Si tratta di qualcosa di simile a ciò che sta facendo Michele Santoro con Servizio pubblico, offrendo un prodotto giornalistico in cambio della fiducia e del finanziamento dei telespettatori. Ma nel suo caso non c’è la dimensione del giornalismo partecipativo, i temi sono ancora imposti dall’alto, mentre il crowdfunding parte dal basso, è una sorta di ribaltamento un po’ anarchico del modo di fare giornalismo. “Gli editori sono i fruitori delle inchieste e ciascun utente non può offrire più del 20 % delle risorse complessive per realizzarla, così da evitare condizionamenti” – ci dice Giancarlo Basso, del nuovo portale italiano Pubblico Bene (tra i pionieri nel nostro Paese insieme a youcapital.it e dig-it.it, oltre al gemello del colosso americano spotus.it). Tutto in nome dell’interesse pubblico delle inchieste e di un’informazione alternativa a quella dei grandi media. Le idee possono essere proposte anche dagli utenti, ma queste si traducono in inchieste solo se viene raggiunta una somma decisa in partenza dall’autore ed entro una data stabilita. Altrimenti i soldi tornano a chi li ha offerti oppure vengono reinvestiti per altri progetti di inchiesta.

Il primo portale a lanciare il crowdfunding per il giornalismo è stato l’americano Spot.us, specializzato sulla città di San Francisco. Nato nel 2009, dopo un anno di vita aveva già raccolto 45 mila dollari da centinaia di persone nella sola città californiana, e aveva portato a termine 40 inchieste: ad esempio, sul gap tra ricchi e poveri, sulla chiusura della libreria Stacey, sulla crisi dell’industria del sesso o sulle potenzialità dell’energia solare.

Il concetto di giornalismo finanziato dal basso si adatta molto bene all’ambito locale, a una piccola rete di persone interessate e informate sui problemi della propria zona. Ed è in questo senso che pochi giorni fa ha lanciato il suo progetto italiano Pubblico Bene: nato dall’idea di un gruppo di amici, ha ottenuto un finanziamento dalla regione Emilia Romagna per realizzare le prime due inchieste-vetrina (una sul tema del welfare e l’altra sulla questione degli affitti a Bologna). In una seconda fase saranno gli utenti stessi a proporle e a finanziarle. “L’obiettivo – si legge sulla home page del portale – è realizzare uno slow journalism libero dalla logica dello scoop e dall’urgenza della cronaca”.

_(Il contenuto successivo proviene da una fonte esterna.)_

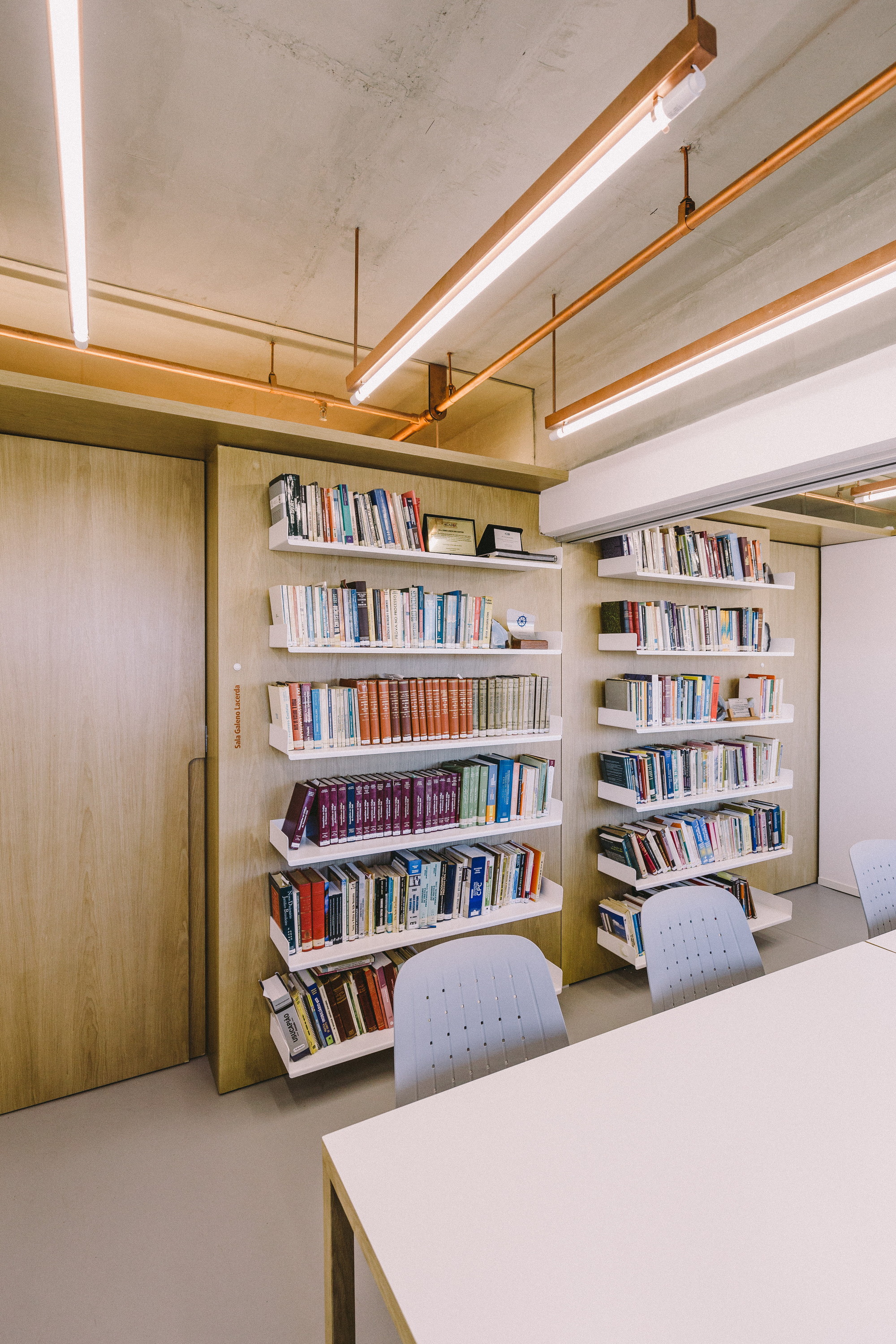 Oak wall with white bookshelves holding rows of books, seen past a table edge under suspended copper tube lights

Il giornalismo lento e partecipato però non piace a tutti e ci sono molti nodi da sciogliere. Innazitutto c’è il problema delle responsabilità legali per eventuali errori: a risponderne sarebbe l’autore dell’inchiesta o il responsabile del portale che la ospita? Una prima sentenza della Cassazione si è espressa in favore del direttore responsabile di una testata online perché internet è un sistema fluido, non controllabile come un giornale, e perché l’apertura ai commenti lo rende un prodotto non chiuso, dialettico. Si veda, a questo proposito, un’altra recente sentenza sull’omesso controllo di commenti diffamatori dei lettori.
Gli scettici si appuntano anche sul problema dell’affidabilità di un’inchiesta finanziata “a scatola chiusa”. Chi sarebbe disposto a pagare in anticipo un giornalista
sconosciuto che voglia affrontare un tema di interesse pubblico? Il rischio è che ad essere sostenuti economicamente siano solo giornalisti già noti.

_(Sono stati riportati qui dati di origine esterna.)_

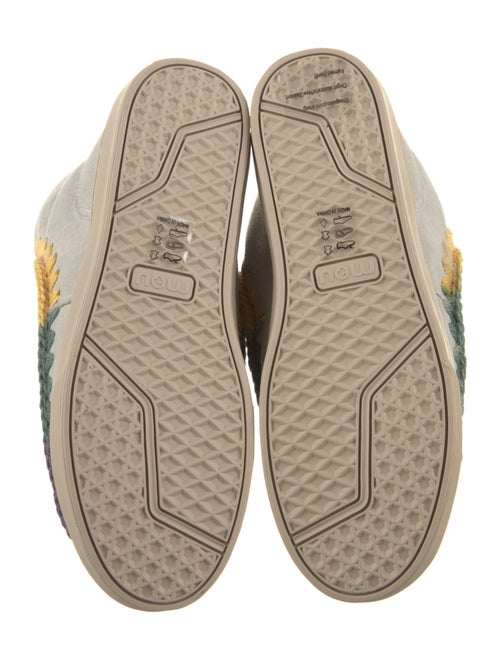 Mou Suede Colorblock Pattern Lace-Up Boots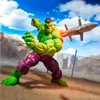 Hulk figure in a dynamic pose, appearing to be hit by a missile, with a fence and buildings in the background. Náhľad obrázku produktu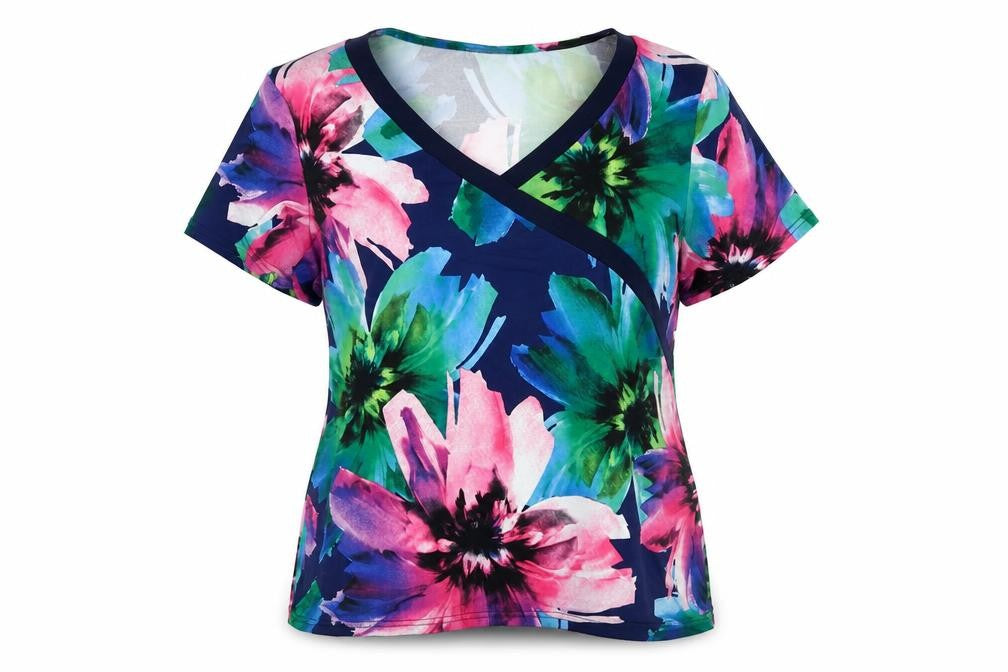 Front view of Anne Smith women’s multicoloured floral polyester basic t-shirt, size UK 16, v-neck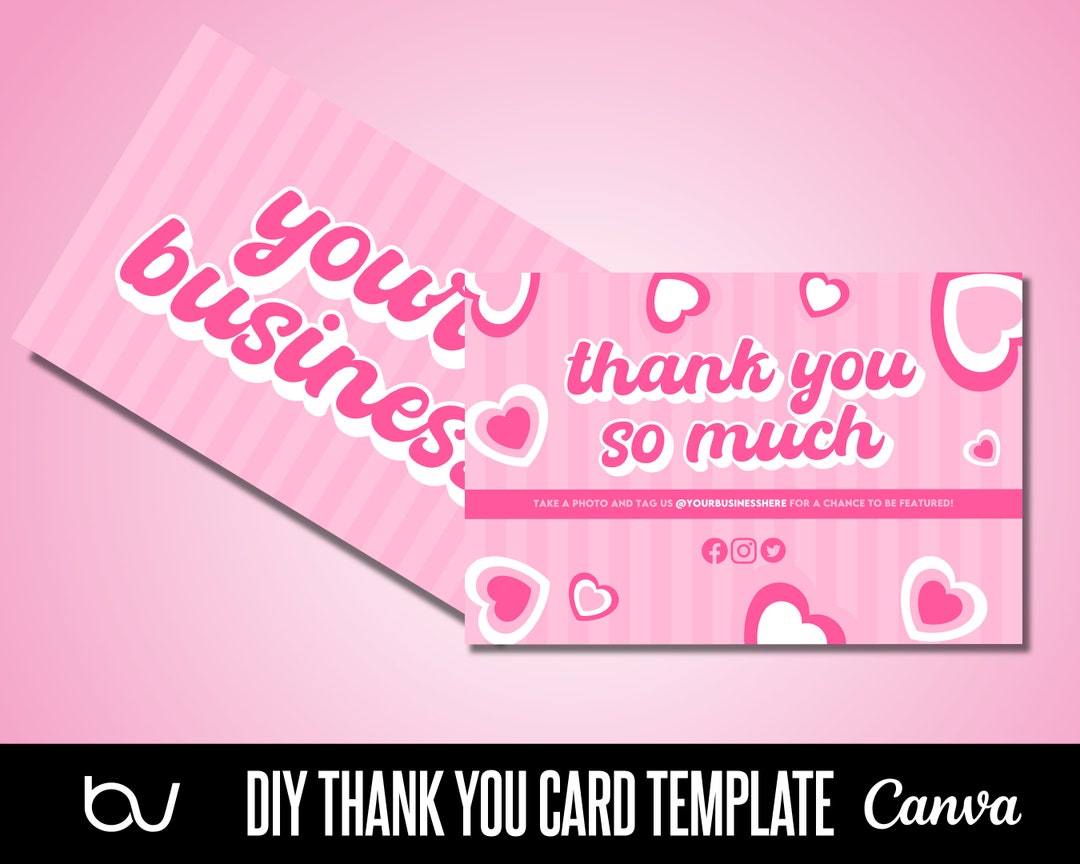 DIY Thank You Card Template, Order Insert Template, Pink Retro Thank ...
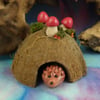 Spring Sale ... High'n'Over Baby Hedgehog in coconut house OOAK Sculpt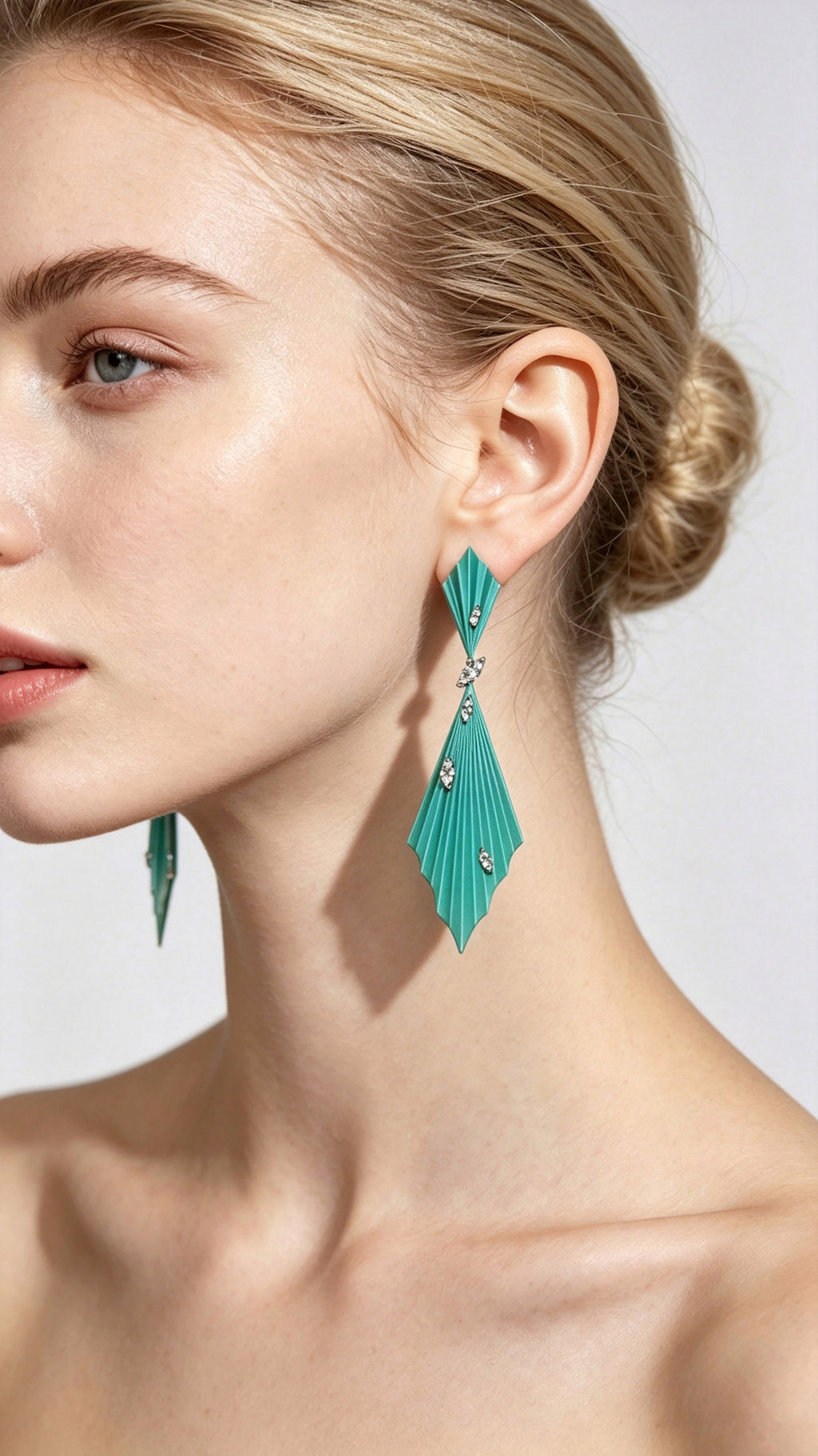 Prismdrop | Titanium Earrings with Pavé-Set Synthetic Diamonds, Geometric Botanical Jewelry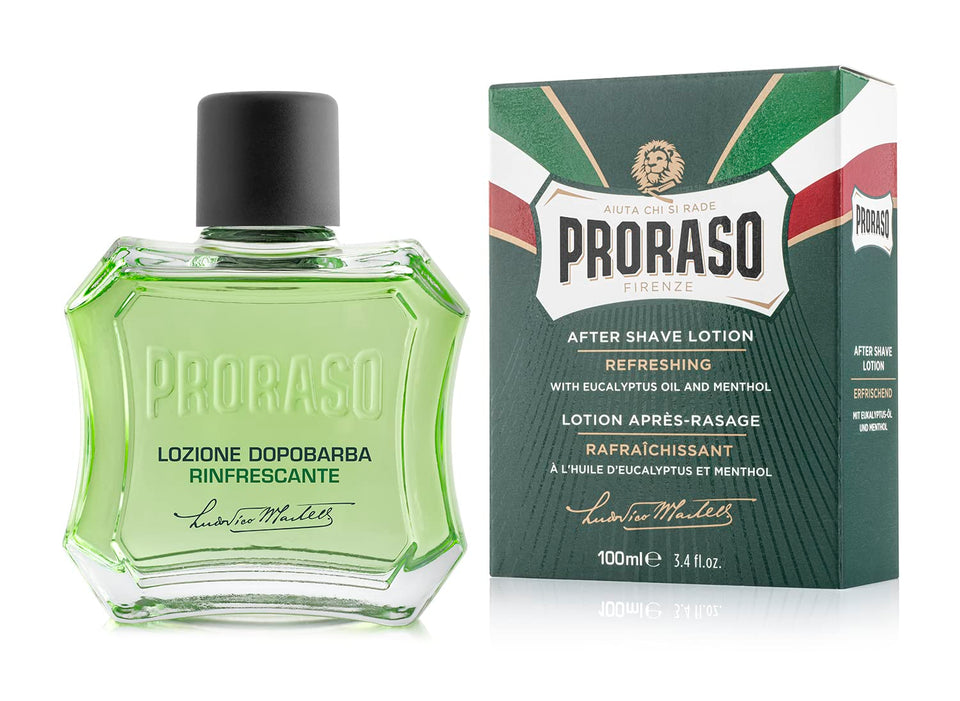 Proraso front label showing eucalyptus and menthol, instant cooling benefit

E poi c’è chi crede, come l’editorialista del Foglio, Stefano Cingolani, “nella funzione delle élite e nella loro capacità di dare un senso a fatti e notizie altrimenti slegati”. Tutte questioni aperte, ma non c’è dubbio che il finanziamento dal basso sia una grande opportunità per i giovani giornalisti in tempi di crisi.